Items from a dataset:

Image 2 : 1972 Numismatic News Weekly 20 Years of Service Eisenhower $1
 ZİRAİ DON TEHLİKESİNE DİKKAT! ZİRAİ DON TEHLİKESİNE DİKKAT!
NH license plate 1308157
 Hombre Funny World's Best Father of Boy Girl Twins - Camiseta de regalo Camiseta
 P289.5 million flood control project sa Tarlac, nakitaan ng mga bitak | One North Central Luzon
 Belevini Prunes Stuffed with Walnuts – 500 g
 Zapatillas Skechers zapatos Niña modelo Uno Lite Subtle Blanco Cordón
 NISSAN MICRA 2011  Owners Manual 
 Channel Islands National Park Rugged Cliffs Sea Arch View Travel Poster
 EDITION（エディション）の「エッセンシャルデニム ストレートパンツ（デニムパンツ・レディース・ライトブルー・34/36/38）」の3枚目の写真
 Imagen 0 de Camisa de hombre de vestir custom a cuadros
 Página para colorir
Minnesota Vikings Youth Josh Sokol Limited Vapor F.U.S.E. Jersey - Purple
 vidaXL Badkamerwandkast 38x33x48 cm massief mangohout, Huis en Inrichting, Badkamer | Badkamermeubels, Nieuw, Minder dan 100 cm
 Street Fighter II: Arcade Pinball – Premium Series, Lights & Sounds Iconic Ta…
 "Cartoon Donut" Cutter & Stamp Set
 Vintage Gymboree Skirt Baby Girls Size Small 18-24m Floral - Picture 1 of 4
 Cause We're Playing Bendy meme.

> **What you need to do**:
Exactly as shown, give every record again.

> **Task solution**:
Image 2 : 1972 Numismatic News Weekly 20 Years of Service Eisenhower $1
 ZİRAİ DON TEHLİKESİNE DİKKAT! ZİRAİ DON TEHLİKESİNE DİKKAT!
NH license plate 1308157
 Hombre Funny World's Best Father of Boy Girl Twins - Camiseta de regalo Camiseta
 P289.5 million flood control project sa Tarlac, nakitaan ng mga bitak | One North Central Luzon
 Belevini Prunes Stuffed with Walnuts – 500 g
 Zapatillas Skechers zapatos Niña modelo Uno Lite Subtle Blanco Cordón
 NISSAN MICRA 2011  Owners Manual 
 Channel Islands National Park Rugged Cliffs Sea Arch View Travel Poster
 EDITION（エディション）の「エッセンシャルデニム ストレートパンツ（デニムパンツ・レディース・ライトブルー・34/36/38）」の3枚目の写真
 Imagen 0 de Camisa de hombre de vestir custom a cuadros
 Página para colorir
Minnesota Vikings Youth Josh Sokol Limited Vapor F.U.S.E. Jersey - Purple
 vidaXL Badkamerwandkast 38x33x48 cm massief mangohout, Huis en Inrichting, Badkamer | Badkamermeubels, Nieuw, Minder dan 100 cm
 Street Fighter II: Arcade Pinball – Premium Series, Lights & Sounds Iconic Ta…
 "Cartoon Donut" Cutter & Stamp Set
 Vintage Gymboree Skirt Baby Girls Size Small 18-24m Floral - Picture 1 of 4
 Cause We're Playing Bendy meme.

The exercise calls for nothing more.